Du coup, cette condition satisfaite, les opposants et membres de groupes armés rebelles pourront s’asseoir à la table des négociations du dialogue national, lancé par le président Mahamat Idriss Déby. Les auteurs des faits d'acte de terrorisme, de complicité, de recrutement et d'enrôlement de mineurs dans les groupes armés et les faits d'atteinte à l'intégrité de l'Etat et aux délits d'opinion, en l’occurrence « 296 personnes », à en croire le Porte-parole du gouvernement Abderrahman Koulamallah, sont concernées par ces dispositions. Toutefois, ni la réintégration aux postes occupés avant les condamnations, ni la restitution des biens confisqués ne sont concernées par ces mesures.

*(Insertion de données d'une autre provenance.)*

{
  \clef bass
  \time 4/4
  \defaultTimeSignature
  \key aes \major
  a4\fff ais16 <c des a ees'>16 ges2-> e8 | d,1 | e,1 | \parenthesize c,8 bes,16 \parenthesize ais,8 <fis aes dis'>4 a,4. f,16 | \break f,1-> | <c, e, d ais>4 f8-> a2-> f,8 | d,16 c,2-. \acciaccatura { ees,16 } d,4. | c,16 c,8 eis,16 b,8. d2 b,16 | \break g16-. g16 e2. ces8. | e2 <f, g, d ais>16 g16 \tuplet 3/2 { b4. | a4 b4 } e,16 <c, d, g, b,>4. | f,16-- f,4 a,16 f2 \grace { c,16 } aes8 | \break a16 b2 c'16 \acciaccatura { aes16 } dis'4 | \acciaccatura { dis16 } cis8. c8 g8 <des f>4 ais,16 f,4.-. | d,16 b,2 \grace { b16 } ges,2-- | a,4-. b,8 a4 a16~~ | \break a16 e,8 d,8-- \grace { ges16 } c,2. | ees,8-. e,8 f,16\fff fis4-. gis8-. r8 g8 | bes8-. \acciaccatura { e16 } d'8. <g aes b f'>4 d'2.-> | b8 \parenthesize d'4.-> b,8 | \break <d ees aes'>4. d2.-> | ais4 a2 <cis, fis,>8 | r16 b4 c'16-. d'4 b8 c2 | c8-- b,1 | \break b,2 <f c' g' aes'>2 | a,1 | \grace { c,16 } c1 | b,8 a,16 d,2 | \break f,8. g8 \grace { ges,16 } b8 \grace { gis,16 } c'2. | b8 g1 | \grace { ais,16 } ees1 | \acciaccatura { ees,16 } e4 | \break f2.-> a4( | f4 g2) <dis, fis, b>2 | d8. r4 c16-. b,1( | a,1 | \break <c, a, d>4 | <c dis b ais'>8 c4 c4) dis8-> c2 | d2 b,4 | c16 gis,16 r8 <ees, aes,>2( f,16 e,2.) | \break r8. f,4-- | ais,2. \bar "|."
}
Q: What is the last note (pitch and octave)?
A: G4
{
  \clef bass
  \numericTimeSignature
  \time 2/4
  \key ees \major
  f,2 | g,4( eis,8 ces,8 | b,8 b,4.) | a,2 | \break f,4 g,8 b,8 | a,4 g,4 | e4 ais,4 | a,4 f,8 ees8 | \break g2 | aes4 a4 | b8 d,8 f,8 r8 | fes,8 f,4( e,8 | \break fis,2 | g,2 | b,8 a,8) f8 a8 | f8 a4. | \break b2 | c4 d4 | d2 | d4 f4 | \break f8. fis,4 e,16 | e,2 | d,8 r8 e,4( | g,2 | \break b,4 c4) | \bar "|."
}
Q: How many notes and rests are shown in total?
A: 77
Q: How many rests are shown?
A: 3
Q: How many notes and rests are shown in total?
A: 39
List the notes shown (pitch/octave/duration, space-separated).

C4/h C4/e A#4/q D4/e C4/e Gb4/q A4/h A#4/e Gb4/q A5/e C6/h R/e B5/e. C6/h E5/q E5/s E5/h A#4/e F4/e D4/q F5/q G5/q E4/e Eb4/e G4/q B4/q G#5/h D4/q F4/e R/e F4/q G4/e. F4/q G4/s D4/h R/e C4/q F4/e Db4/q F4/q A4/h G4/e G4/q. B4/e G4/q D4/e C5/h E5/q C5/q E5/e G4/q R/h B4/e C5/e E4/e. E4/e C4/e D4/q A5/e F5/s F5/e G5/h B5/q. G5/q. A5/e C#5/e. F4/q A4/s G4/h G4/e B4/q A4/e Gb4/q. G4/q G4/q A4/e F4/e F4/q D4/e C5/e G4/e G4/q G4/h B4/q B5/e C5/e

Même si certains observateurs dénoncent d’une « amnistie sélective », il y aurait plus de rebelles que le nombre arrêté, un pas a été franchi. Le reste pourrait se gérer au fur et à mesure de l’évolution des négociations, assurait au correspondant de Gabonclic.info, une personnalité du Conseil militaire de transition.